A senior election official in Purnia told Scroll that voter lists are often spiked in the run up to panchayat elections. “Voters from neighbouring villages are added to the rolls for a candidate’s benefit,” said the official. But panchayat polls were last held in Pranpatti in 2022, according to ward member Kumar.
Pranpatti resident Nirmal Kumar Singh, 63, blamed the MLA for the presence of fake voters on the voter list. “Before Afaque Alam was the MLA here, we did not have a single fake voter in our voter list,” said Singh. “This has only happened at his behest in recent years.” Kumar agreed with this view.
Questions sent to the MLA over text and email went unanswered. He did not respond to our phone calls. The story will be updated if there is a response.
Enter SIR
The Election Commission began a special intensive revision of voter lists on June 24. Voters were asked to submit an enumeration form to booth level officers before July 26.
Those who failed to submit this form were excluded for four reasons: either they had died, shifted permanently, enrolled in multiple places, or were absent.

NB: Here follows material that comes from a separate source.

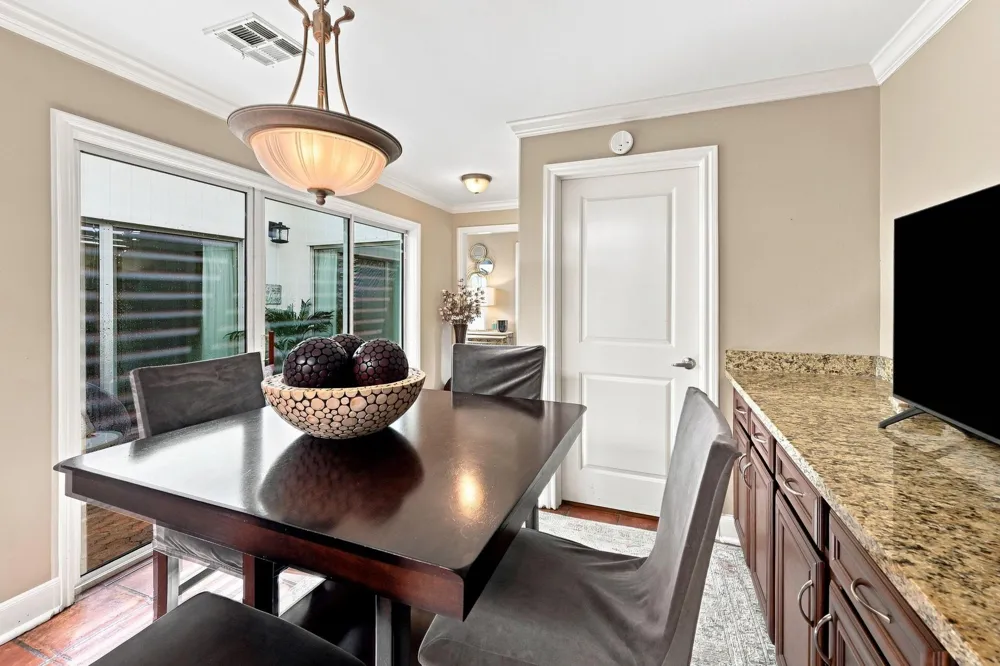 419 E Fair Harbor Lane Houston, TX 77079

The draft roll was published on August 1. Across the state, 65 lakh voters were excluded from the roll. On August 17, the Election Commission released the list of their names, along with the reasons for their exclusion.
In Pranpatti’s polling station number one, 499 voters were deleted from the roll. The Election Commission’s official list states that 28 had died, 105 had shifted permanently, 15 were found to be enrolled in multiple places, and 351 voters were absent.
Kumar claims that these 351 absent voters were fake and the SIR rightfully deleted almost all of them, though some remain. “Twelve voters who do not live in this village are still included in the new voter list,” he said, pointing to 12 Muslim names.
Scroll went through the draft voter list and found nine voters with Muslim names.
Did the fake voters vote?
If there were several fake voters in Pranpatti’s electoral roll since April 2024, were votes cast in their name during the last Lok Sabha elections?
Chandrakishore Mehta, the polling agent in Pranpatti of the Bharatiya Janata Party-led National Democratic Alliance, said he did not observe anything abnormal at the polling centre during the polls. “Most of those who voted then were people who live here,” said Mehta. “There were no outsiders.”
The village’s voter turnout data released by the Election Commission does not show any odd increase over the years. The turnout in the last two Lok Sabha polls broadly remained the same.
According to official Election Comission data, 424 voters had cast their votes at this booth last year. Mehta had a marked voter list showing tick marks before the names of 398 voters who had voted in the Lok Sabha elections.
Scroll compared the marked list with the list of excluded voters in Special Intensive Revision draft roll. We found that 26 of the 499 deleted voters at polling station one had cast votes during the Lok Sabha polls.
In the Election Commission’s list of exclusions, 12 of them have been labelled as “permanently shifted”, ten as “dead” and four as having enrolled in multiple places.
This means that none of the 351 “absent” voters – whom locals allege are fake voters – had voted in the Lok Sabha elections, deepening the mystery over why had they been added to the electoral roll.